The size distribution and zeta potential of vesicles were determined by dynamic light scattering (DLS) using a computerized inspection system (Nano ZS, Malvern Inst, UK). For size measurement, vesicular suspension was mixed with the appropriate medium (20-45% ethanolic solution). The measurement was conducted in triplicate, in a multi-model mode of 200s each at medium stable count rate ². The electric potential of the ethanolic nano-vesicles, including its stern layer (Zeta potential) was determined, by injecting the dilute system (1:200) into zeta potential measurement cell.

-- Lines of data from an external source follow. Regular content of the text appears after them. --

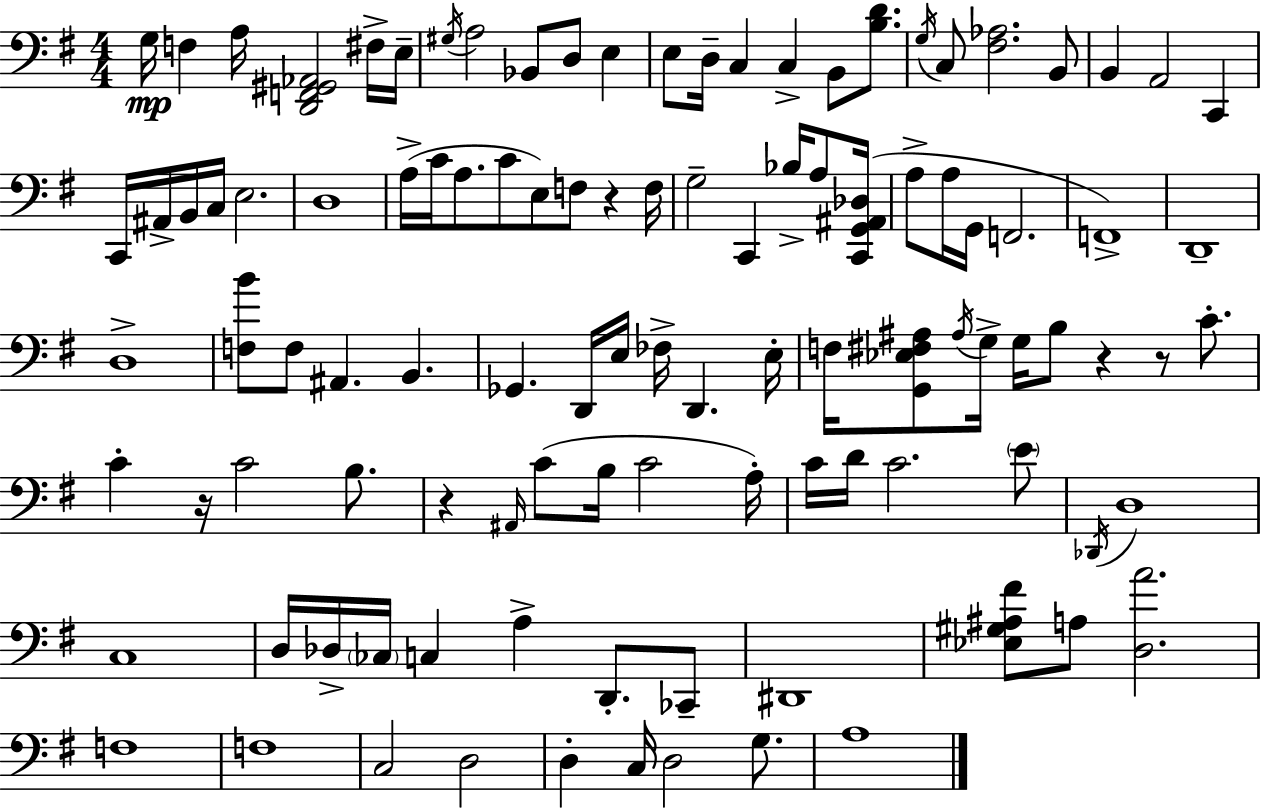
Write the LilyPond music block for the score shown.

{
  \clef bass
  \numericTimeSignature
  \time 4/4
  \key g \major
  g16\mp f4 a16 <d, f, gis, aes,>2 fis16-> e16-- | \acciaccatura { gis16 } a2 bes,8 d8 e4 | e8 d16-- c4 c4-> b,8 <b d'>8. | \acciaccatura { g16 } c8 <fis aes>2. | \break b,8 b,4 a,2 c,4 | c,16 ais,16-> b,16 c16 e2. | d1 | a16->( c'16 a8. c'8 e8) f8 r4 | \break f16 g2-- c,4 bes16-> a8 | <c, g, ais, des>16( a8-> a16 g,16 f,2. | f,1->) | d,1-- | \break d1-> | <f b'>8 f8 ais,4. b,4. | ges,4. d,16 e16 fes16-> d,4. | e16-. f16 <g, ees fis ais>8 \acciaccatura { ais16 } g16-> g16 b8 r4 r8 | \break c'8.-. c'4-. r16 c'2 | b8. r4 \grace { ais,16 }( c'8 b16 c'2 | a16-.) c'16 d'16 c'2. | \parenthesize e'8 \acciaccatura { des,16 } d1 | \break c1 | d16 des16-> \parenthesize ces16 c4 a4-> | d,8.-. ces,8-- dis,1 | <ees gis ais fis'>8 a8 <d a'>2. | \break f1 | f1 | c2 d2 | d4-. c16 d2 | \break g8. a1 | \bar "|."
}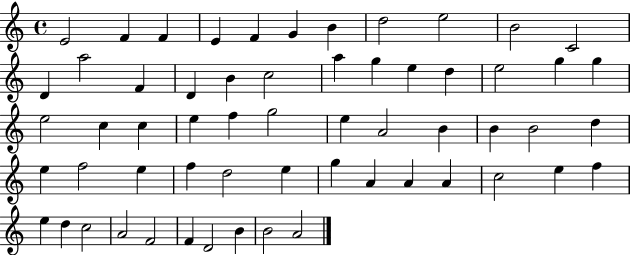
X:1
T:Untitled
M:4/4
L:1/4
K:C
E2 F F E F G B d2 e2 B2 C2 D a2 F D B c2 a g e d e2 g g e2 c c e f g2 e A2 B B B2 d e f2 e f d2 e g A A A c2 e f e d c2 A2 F2 F D2 B B2 A2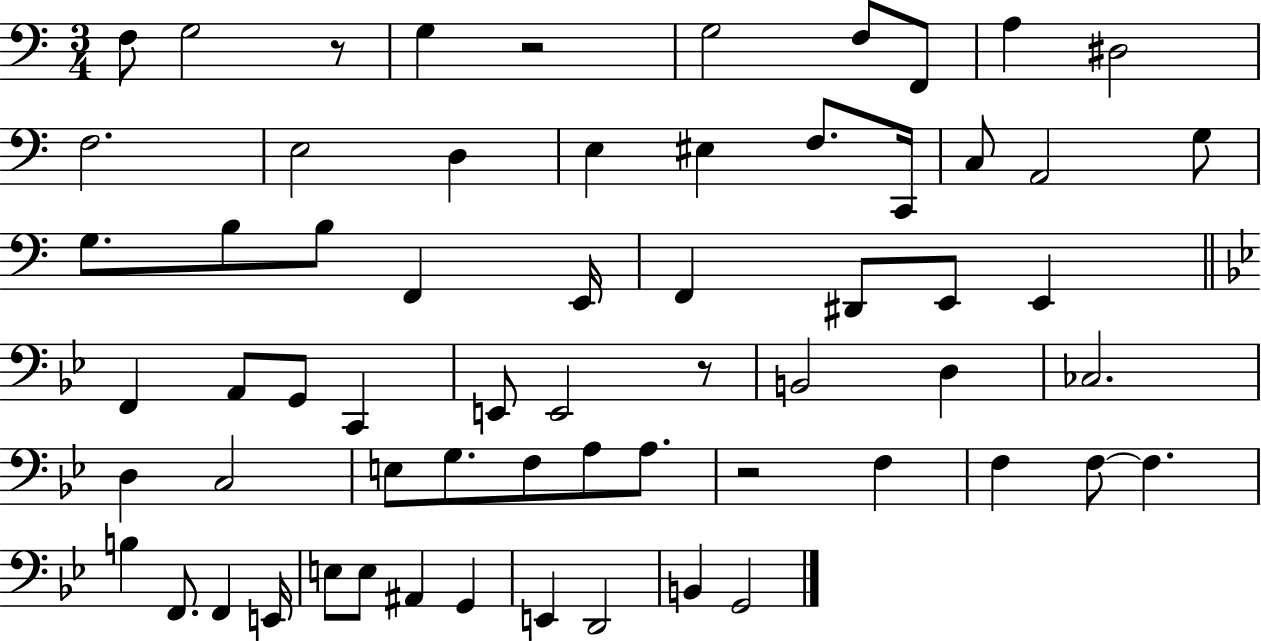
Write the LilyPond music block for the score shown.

{
  \clef bass
  \numericTimeSignature
  \time 3/4
  \key c \major
  \repeat volta 2 { f8 g2 r8 | g4 r2 | g2 f8 f,8 | a4 dis2 | \break f2. | e2 d4 | e4 eis4 f8. c,16 | c8 a,2 g8 | \break g8. b8 b8 f,4 e,16 | f,4 dis,8 e,8 e,4 | \bar "||" \break \key bes \major f,4 a,8 g,8 c,4 | e,8 e,2 r8 | b,2 d4 | ces2. | \break d4 c2 | e8 g8. f8 a8 a8. | r2 f4 | f4 f8~~ f4. | \break b4 f,8. f,4 e,16 | e8 e8 ais,4 g,4 | e,4 d,2 | b,4 g,2 | \break } \bar "|."
}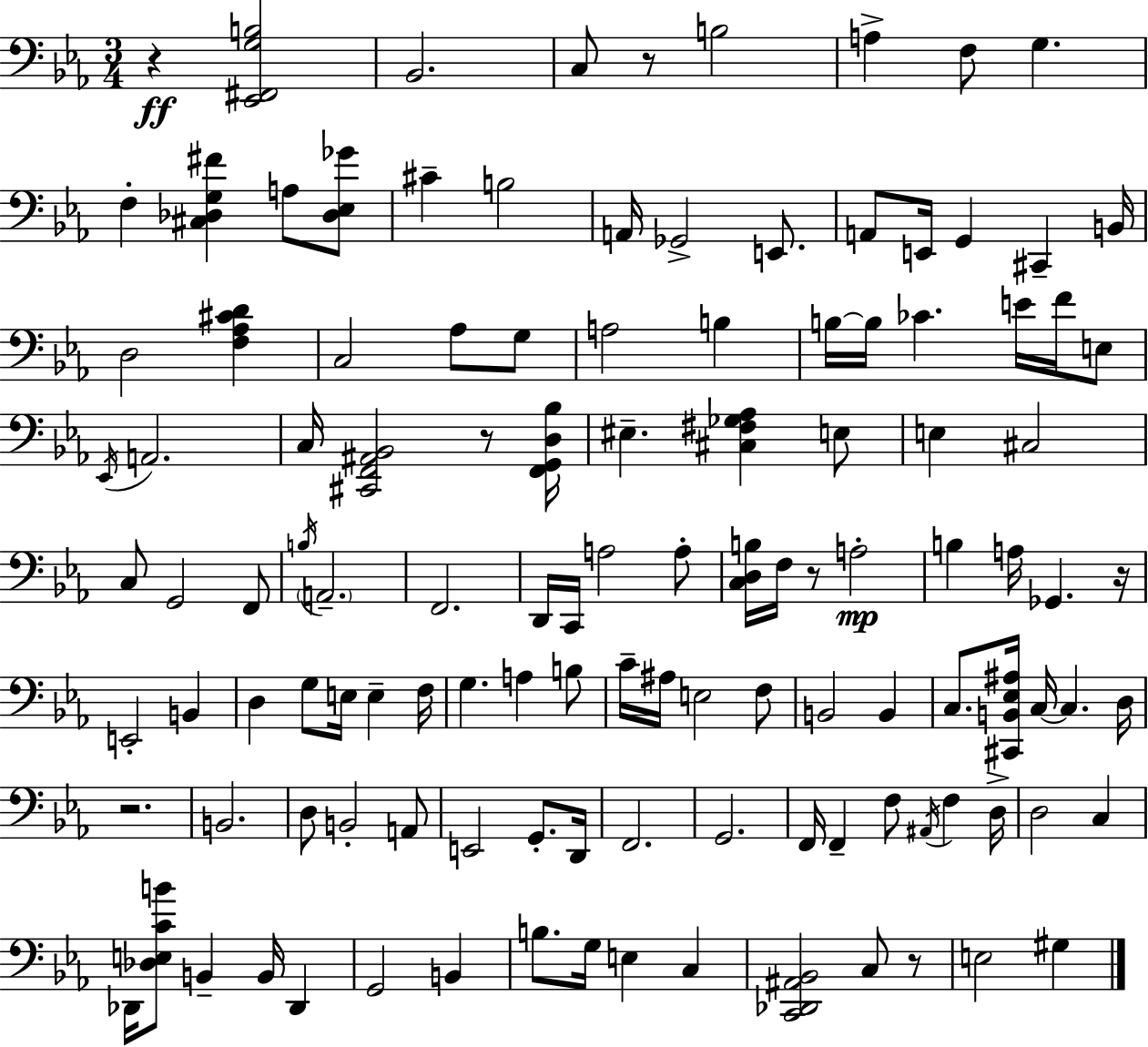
X:1
T:Untitled
M:3/4
L:1/4
K:Cm
z [_E,,^F,,G,B,]2 _B,,2 C,/2 z/2 B,2 A, F,/2 G, F, [^C,_D,G,^F] A,/2 [_D,_E,_G]/2 ^C B,2 A,,/4 _G,,2 E,,/2 A,,/2 E,,/4 G,, ^C,, B,,/4 D,2 [F,_A,^CD] C,2 _A,/2 G,/2 A,2 B, B,/4 B,/4 _C E/4 F/4 E,/2 _E,,/4 A,,2 C,/4 [^C,,F,,^A,,_B,,]2 z/2 [F,,G,,D,_B,]/4 ^E, [^C,^F,_G,_A,] E,/2 E, ^C,2 C,/2 G,,2 F,,/2 B,/4 A,,2 F,,2 D,,/4 C,,/4 A,2 A,/2 [C,D,B,]/4 F,/4 z/2 A,2 B, A,/4 _G,, z/4 E,,2 B,, D, G,/2 E,/4 E, F,/4 G, A, B,/2 C/4 ^A,/4 E,2 F,/2 B,,2 B,, C,/2 [^C,,B,,_E,^A,]/4 C,/4 C, D,/4 z2 B,,2 D,/2 B,,2 A,,/2 E,,2 G,,/2 D,,/4 F,,2 G,,2 F,,/4 F,, F,/2 ^A,,/4 F, D,/4 D,2 C, _D,,/4 [_D,E,CB]/2 B,, B,,/4 _D,, G,,2 B,, B,/2 G,/4 E, C, [C,,_D,,^A,,_B,,]2 C,/2 z/2 E,2 ^G,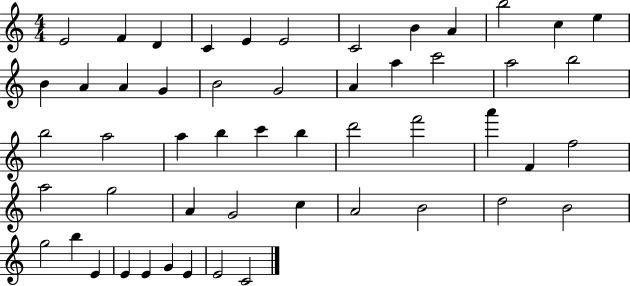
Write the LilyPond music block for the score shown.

{
  \clef treble
  \numericTimeSignature
  \time 4/4
  \key c \major
  e'2 f'4 d'4 | c'4 e'4 e'2 | c'2 b'4 a'4 | b''2 c''4 e''4 | \break b'4 a'4 a'4 g'4 | b'2 g'2 | a'4 a''4 c'''2 | a''2 b''2 | \break b''2 a''2 | a''4 b''4 c'''4 b''4 | d'''2 f'''2 | a'''4 f'4 f''2 | \break a''2 g''2 | a'4 g'2 c''4 | a'2 b'2 | d''2 b'2 | \break g''2 b''4 e'4 | e'4 e'4 g'4 e'4 | e'2 c'2 | \bar "|."
}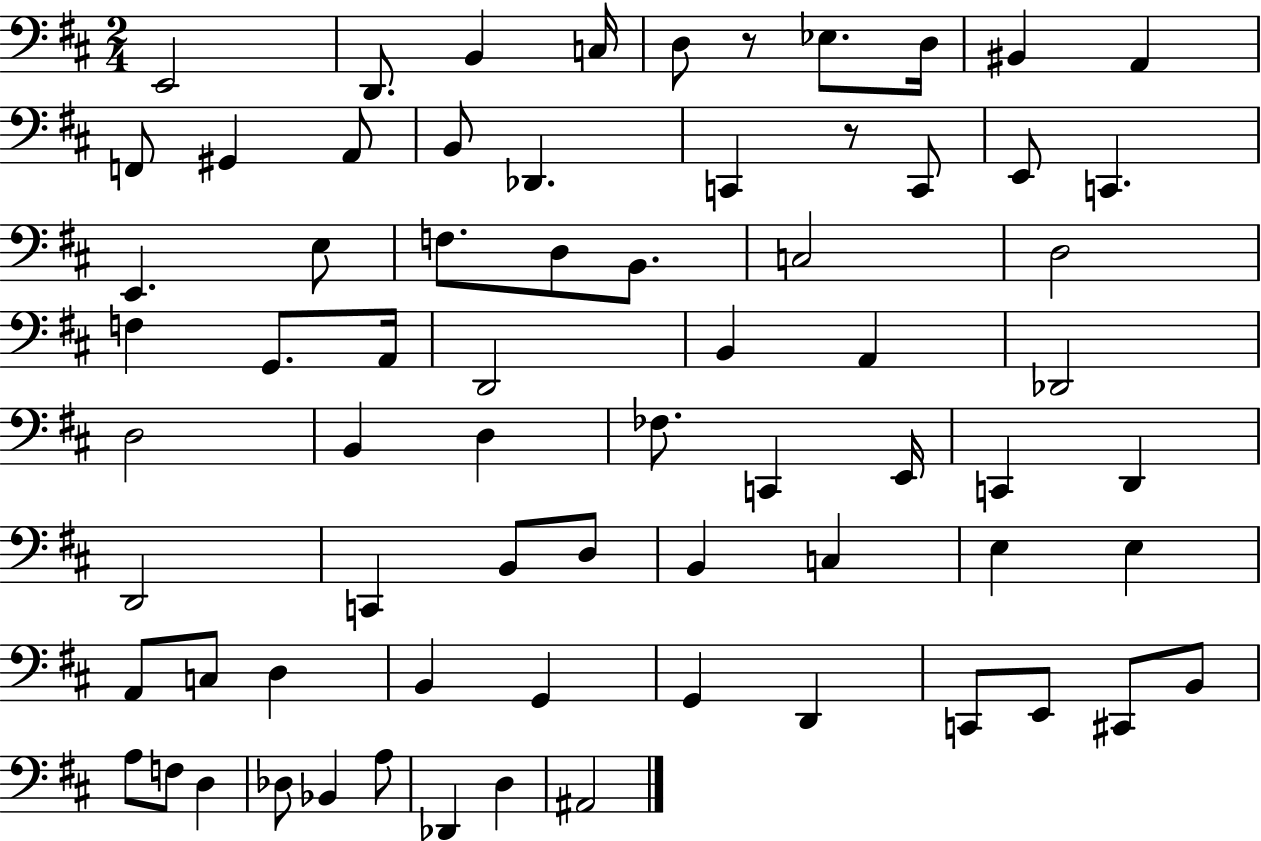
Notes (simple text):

E2/h D2/e. B2/q C3/s D3/e R/e Eb3/e. D3/s BIS2/q A2/q F2/e G#2/q A2/e B2/e Db2/q. C2/q R/e C2/e E2/e C2/q. E2/q. E3/e F3/e. D3/e B2/e. C3/h D3/h F3/q G2/e. A2/s D2/h B2/q A2/q Db2/h D3/h B2/q D3/q FES3/e. C2/q E2/s C2/q D2/q D2/h C2/q B2/e D3/e B2/q C3/q E3/q E3/q A2/e C3/e D3/q B2/q G2/q G2/q D2/q C2/e E2/e C#2/e B2/e A3/e F3/e D3/q Db3/e Bb2/q A3/e Db2/q D3/q A#2/h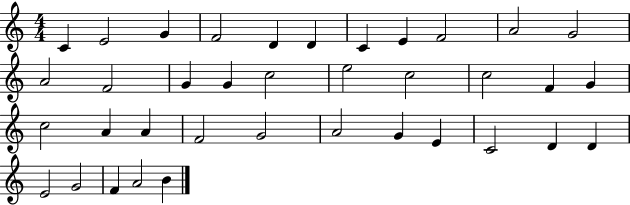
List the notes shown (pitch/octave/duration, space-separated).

C4/q E4/h G4/q F4/h D4/q D4/q C4/q E4/q F4/h A4/h G4/h A4/h F4/h G4/q G4/q C5/h E5/h C5/h C5/h F4/q G4/q C5/h A4/q A4/q F4/h G4/h A4/h G4/q E4/q C4/h D4/q D4/q E4/h G4/h F4/q A4/h B4/q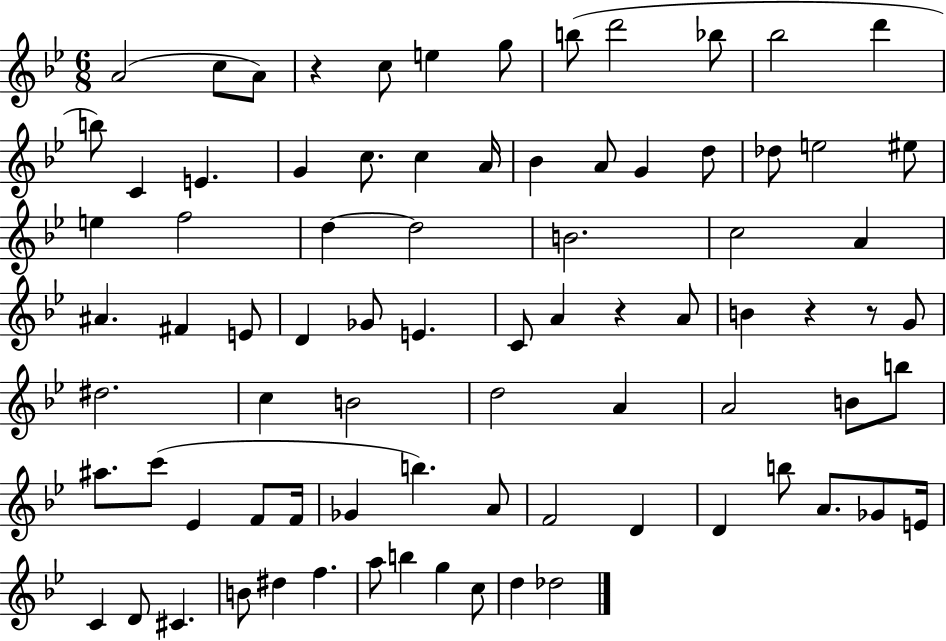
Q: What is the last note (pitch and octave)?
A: Db5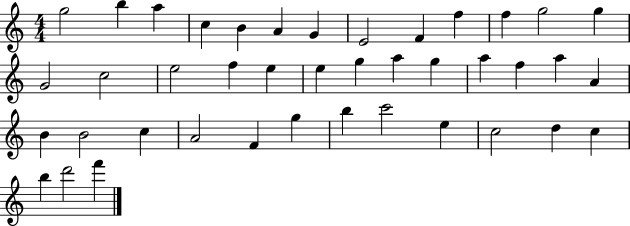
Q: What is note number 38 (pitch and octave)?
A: C5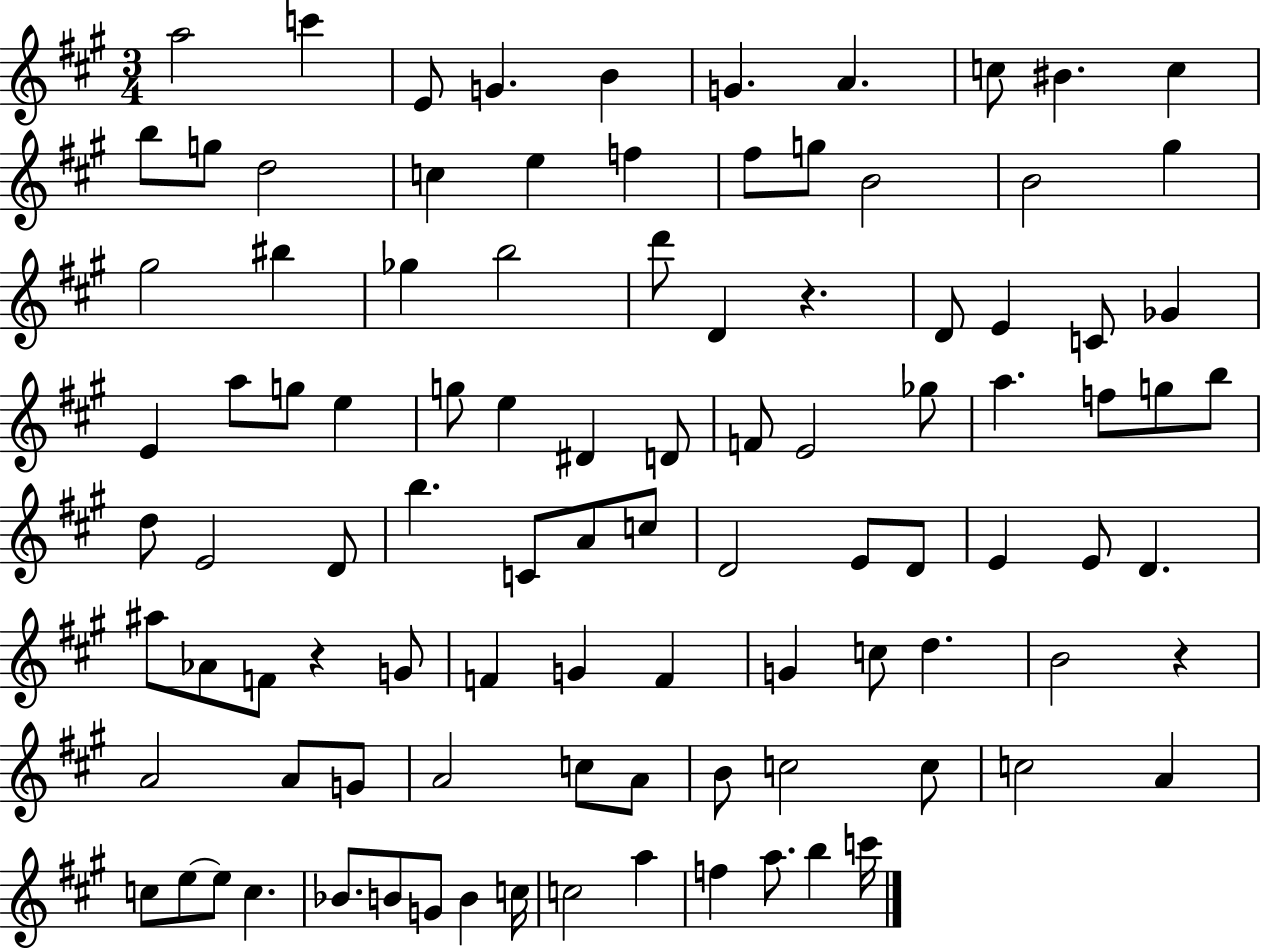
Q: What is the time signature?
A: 3/4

2. Determination of Entrapment Efficiency: Suspensions of  ethanolic nano-vesicles (10ml each) were taken and centrifuged (Remi centrifuge Ltd. Mumbai, India) at 10000 rpm for 1 h, after centrifugation supernatant was collected from tube, and absorbance was taken at 275 nm using spectrophotometer (UV-1800, Shimadzu, Japan). The entrapment efficiency (EE) of aceclofenac was calculated from the relationship as shown below:

Qt – Qs

EE =                     X 100

Qt

Where, Q_t and Q_s are the amount of aceclofenac added in suspension and the amount detected only in the supernatant, respectively.

3. Drug-vesicle (excipients) interaction (FT-IR Studies): Infrared spectroscopy was conducted using a FTIR Spectrophotometer (FTIR-8300, Shimadzu, Japan) and the spectrum was recorded in the region of 4000 to 400 cm^-1. The procedure consisted of dispersing a sample in KBr (200-400 mg) and compressing into discs by applying a pressure of 5 tons for 5 min in a hydraulic press. The pellet was placed in the light path and the spectrum was obtained.
4. In vitro permeation studies through dialysis Membrane: The in vitro skin permeation of aceclofenac loaded ethosomal gel formulation was determined using dialysis membrane (average flat width- 29.31 mm, average diameter- 17.5mm, Capacity factor- 2.41ml/cm). The permeation studies were carried out using a locally fabricated Franz-type diffusion cell (membrane surface area of 2.545cm² and a receptor fluid volume of 20ml). The temperature of receptor fluid was maintained at 37±1°C, contained PBS (pH 7.4). Gel formulation (1g) was applied to the upper side of membrane in donor compartment. Samples were withdrawn through the sampling port of the diffusion cell at predetermined intervals over 24h and analyzed spectrophotometrically at 275nm ⁶. An equal volume of fresh PBS maintained at 37°C was replaced into the receptor compartment after each sampling.
5. Ex vivo permeation studies through human cadaver skin: Excised human cadaver skin from the abdomen was obtained from Chhattisgarh Institute of Medical Sciences, Bilaspur (C.G.), India. The skin was separated and immediately transferred to the refrigerator at 4^°C. All experiments were performed on the same day. The skin was immersed in purified water at 60^°C for 2 minutes after which the stratum corneum and viable epithelium was peeled off and immediately used for the permeation experiments ⁷.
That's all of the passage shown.